(Short text fragments from websites)
== Segment start ==

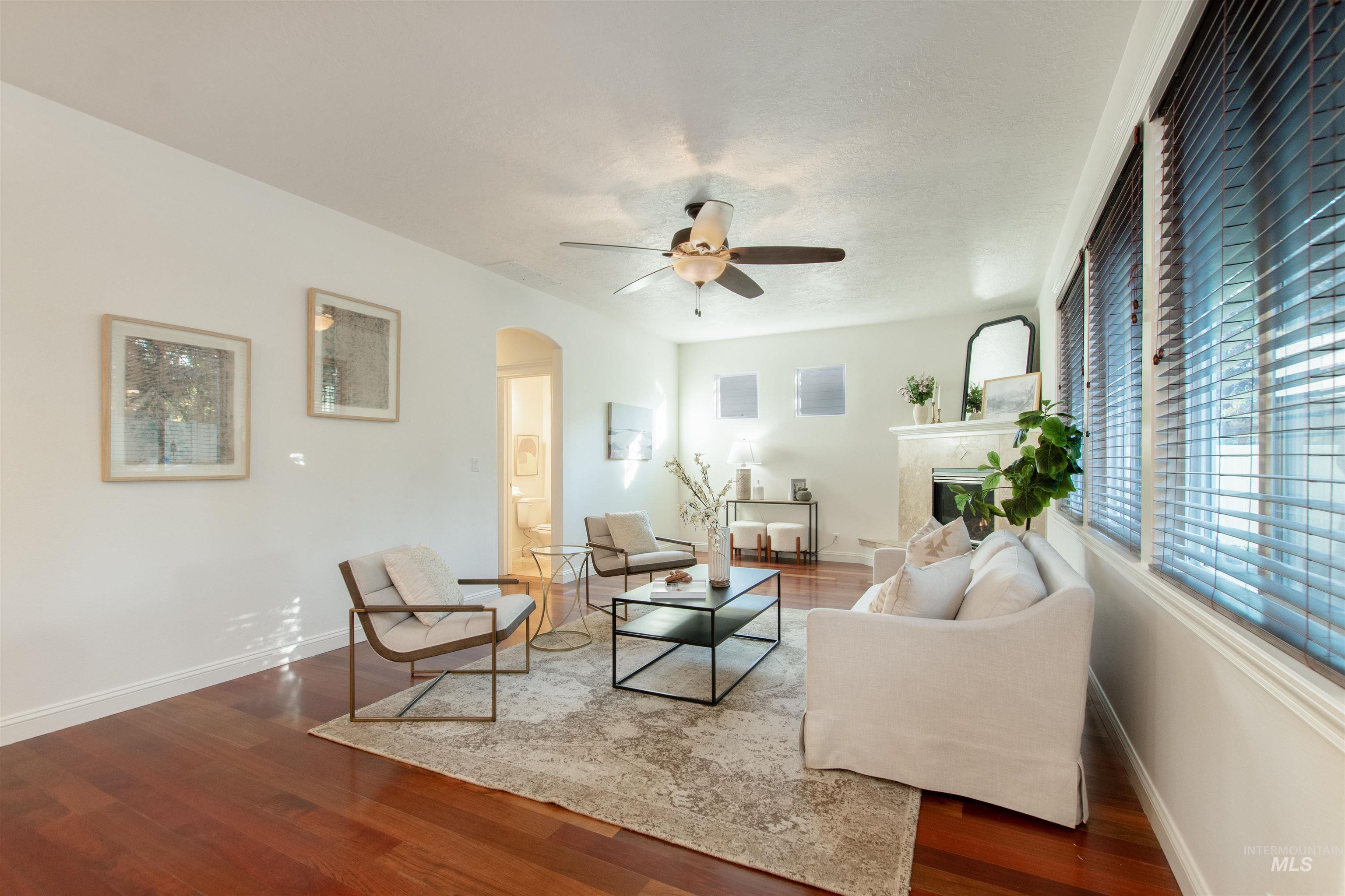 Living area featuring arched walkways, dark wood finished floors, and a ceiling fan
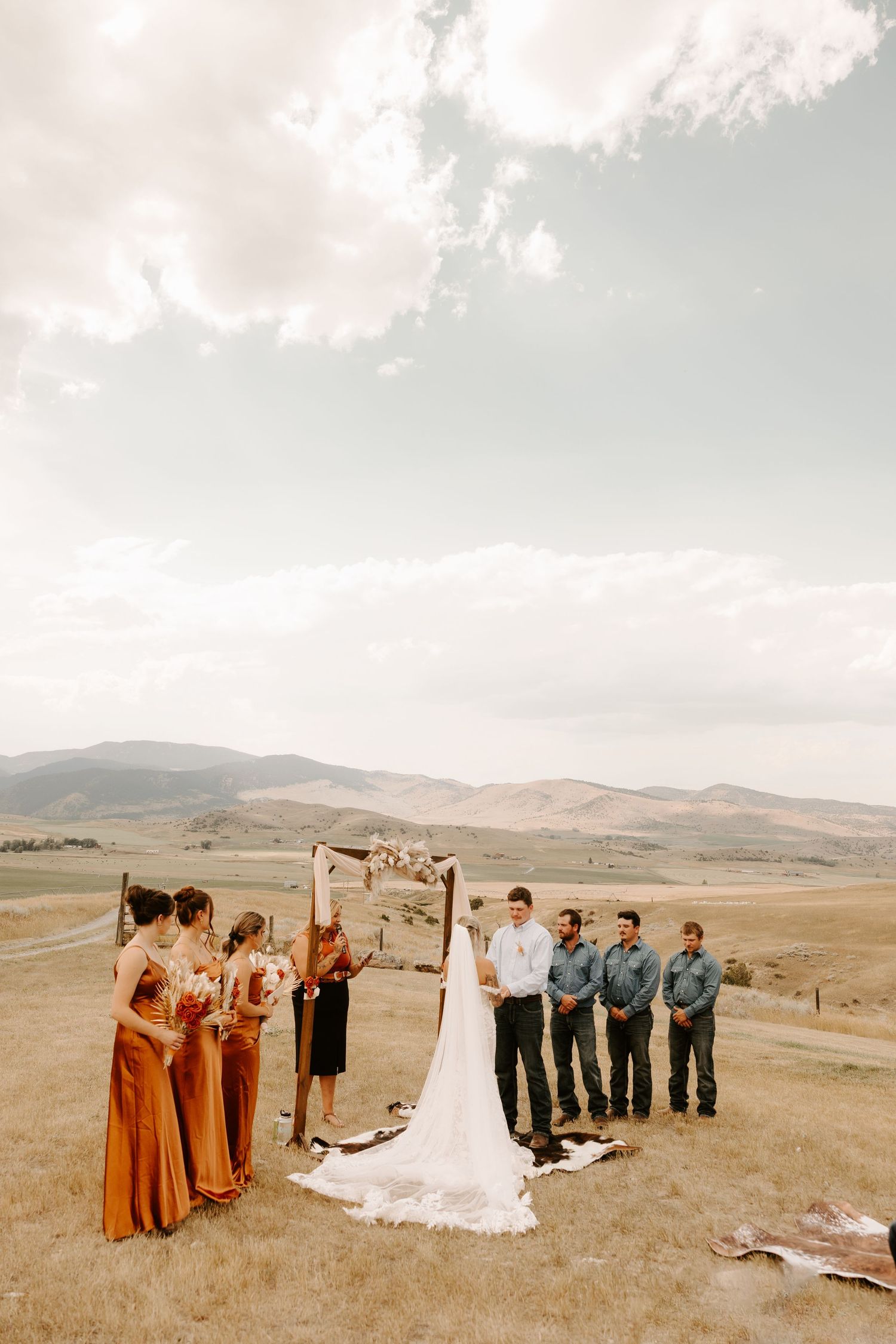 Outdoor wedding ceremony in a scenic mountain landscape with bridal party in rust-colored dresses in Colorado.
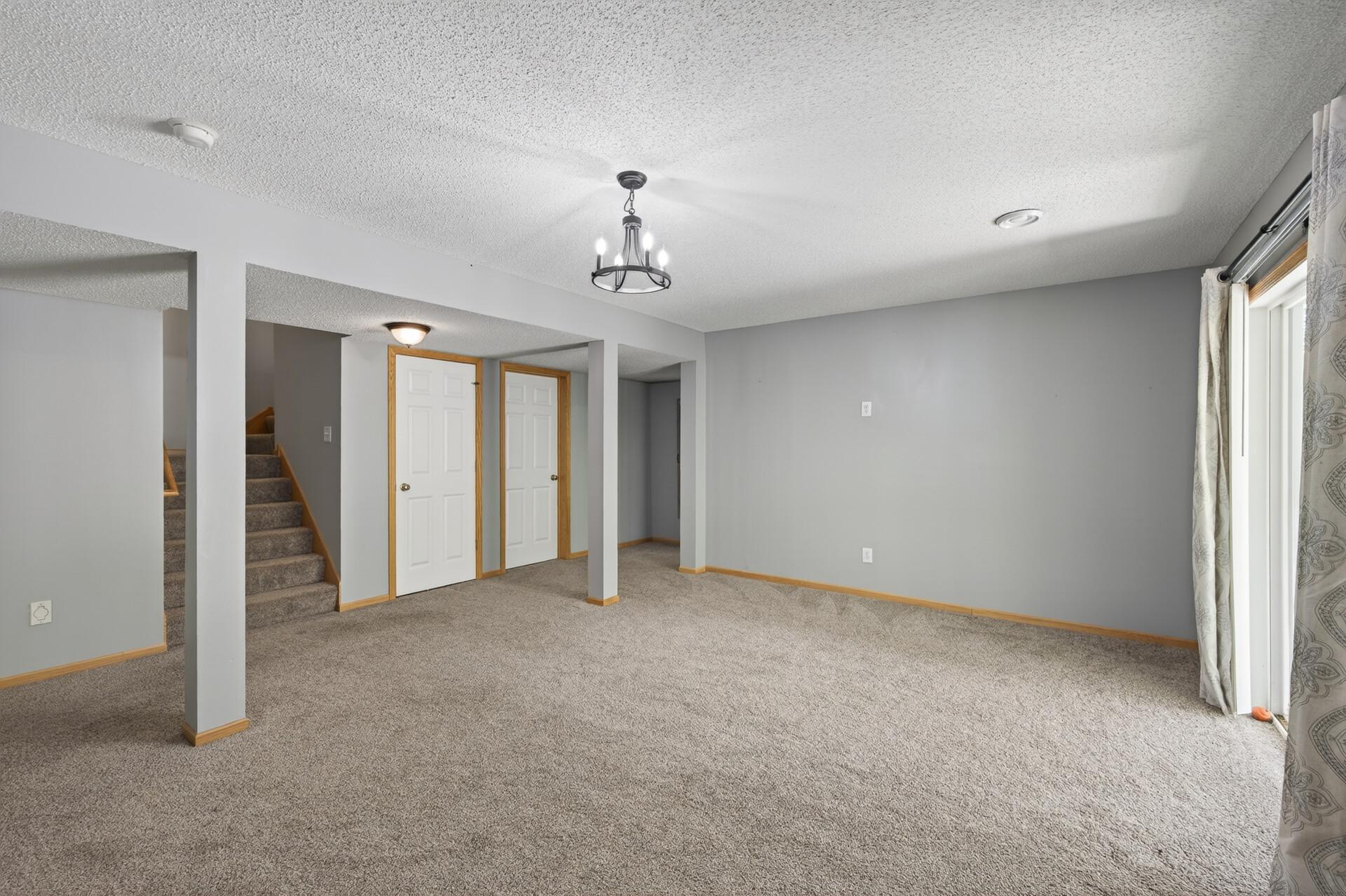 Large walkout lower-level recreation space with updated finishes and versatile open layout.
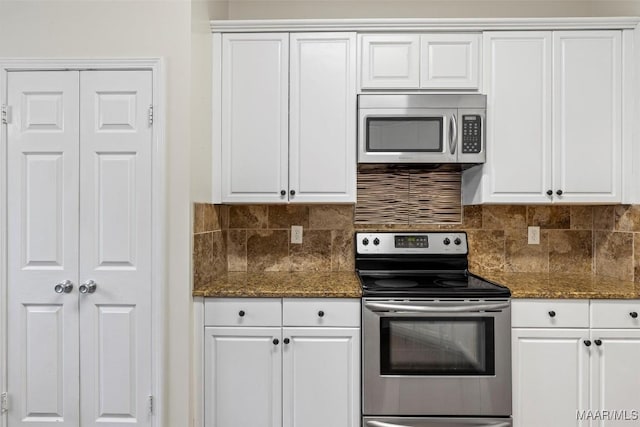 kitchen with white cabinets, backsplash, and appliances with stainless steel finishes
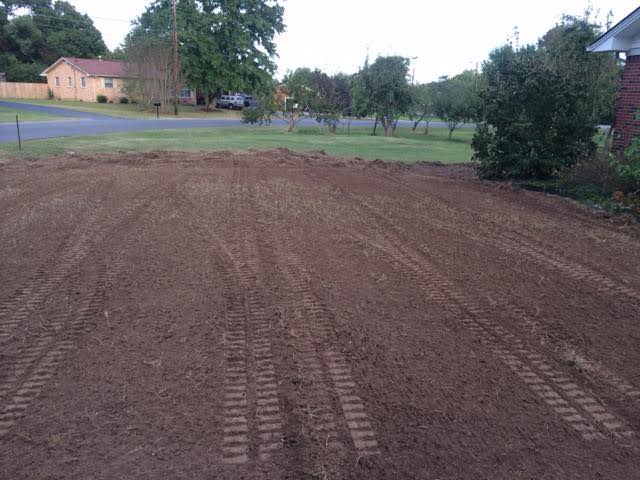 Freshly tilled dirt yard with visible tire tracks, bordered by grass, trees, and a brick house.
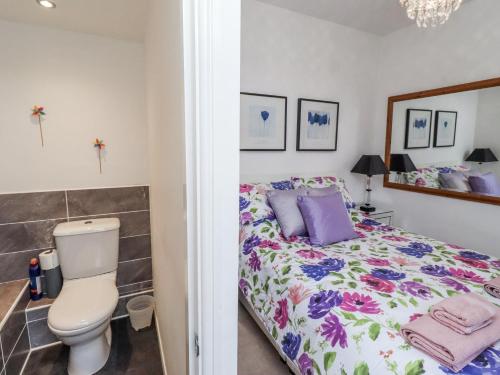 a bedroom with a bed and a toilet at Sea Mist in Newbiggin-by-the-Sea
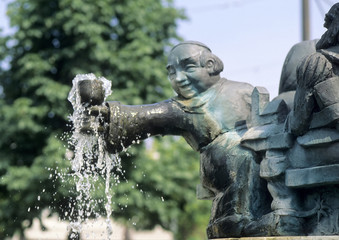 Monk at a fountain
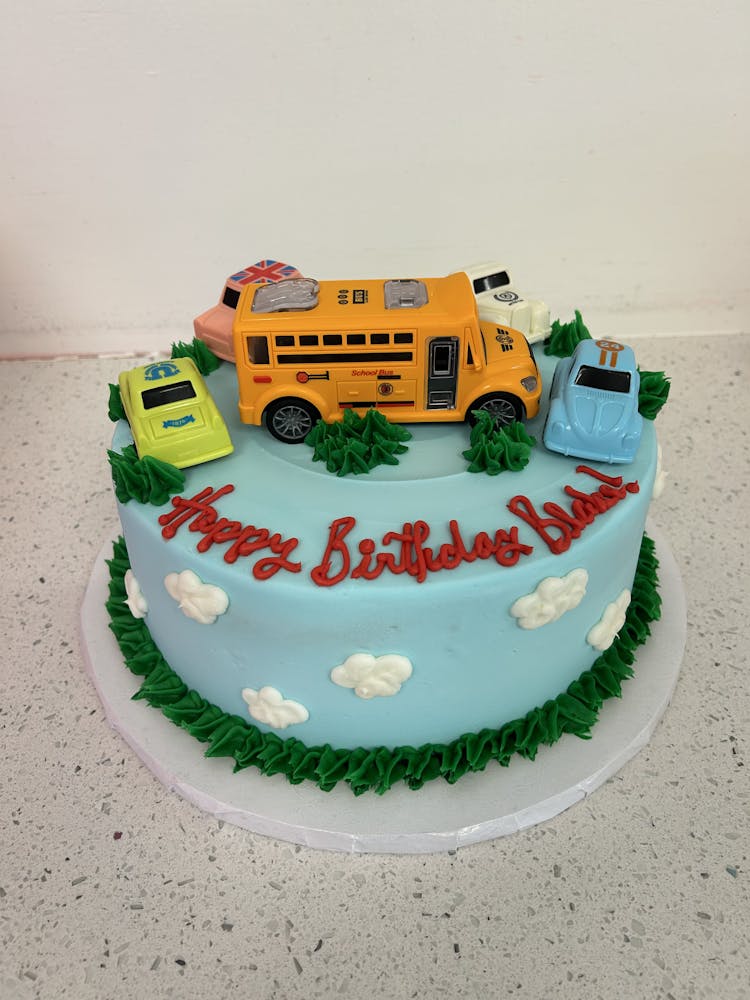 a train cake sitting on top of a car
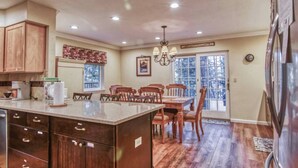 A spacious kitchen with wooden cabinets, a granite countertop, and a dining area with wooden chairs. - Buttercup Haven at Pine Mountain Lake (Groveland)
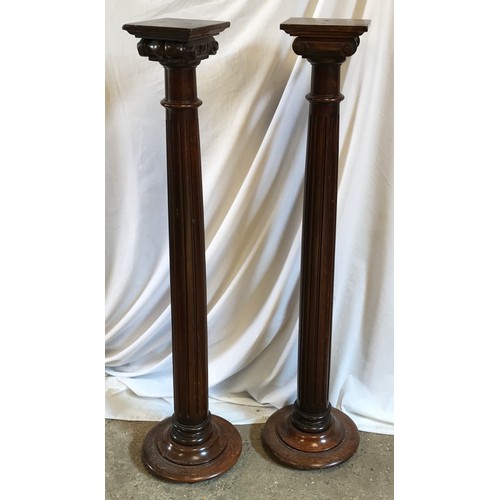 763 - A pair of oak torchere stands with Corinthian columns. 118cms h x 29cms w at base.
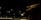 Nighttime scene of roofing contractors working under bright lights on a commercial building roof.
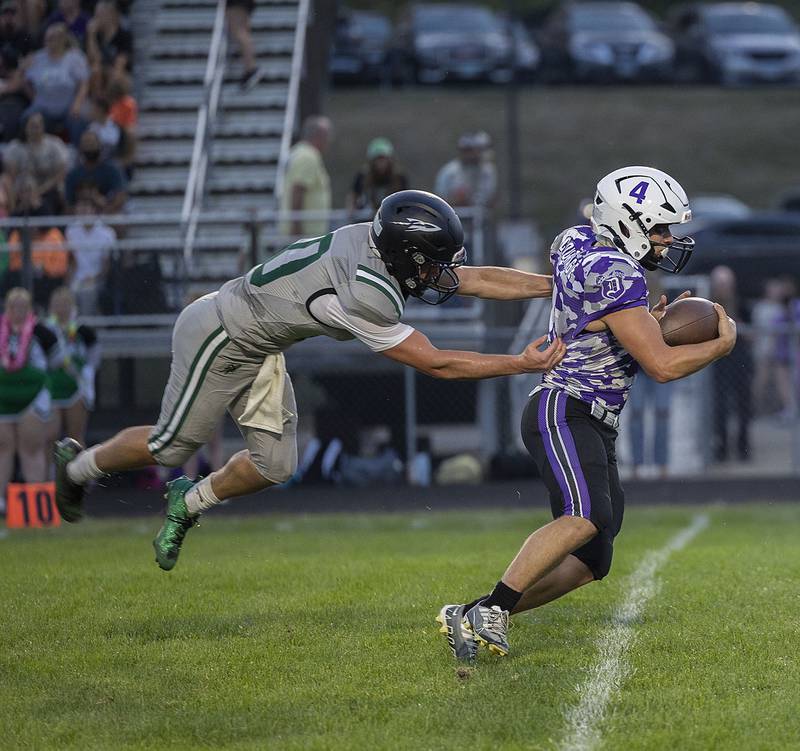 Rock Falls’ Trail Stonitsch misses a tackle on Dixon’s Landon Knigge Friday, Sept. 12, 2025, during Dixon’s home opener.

== Segment end ==

■ Exercise
Restate the records above word for word, without the pictures.

■ The completed task
 Living area featuring arched walkways, dark wood finished floors, and a ceiling fan
 Outdoor wedding ceremony in a scenic mountain landscape with bridal party in rust-colored dresses in Colorado.
 Large walkout lower-level recreation space with updated finishes and versatile open layout.
 kitchen with white cabinets, backsplash, and appliances with stainless steel finishes
 Freshly tilled dirt yard with visible tire tracks, bordered by grass, trees, and a brick house.
 a bedroom with a bed and a toilet at Sea Mist in Newbiggin-by-the-Sea
 Monk at a fountain
 a train cake sitting on top of a car
 A spacious kitchen with wooden cabinets, a granite countertop, and a dining area with wooden chairs. - Buttercup Haven at Pine Mountain Lake (Groveland)
 763 - A pair of oak torchere stands with Corinthian columns. 118cms h x 29cms w at base.
 Nighttime scene of roofing contractors working under bright lights on a commercial building roof.
 Rock Falls’ Trail Stonitsch misses a tackle on Dixon’s Landon Knigge Friday, Sept. 12, 2025, during Dixon’s home opener.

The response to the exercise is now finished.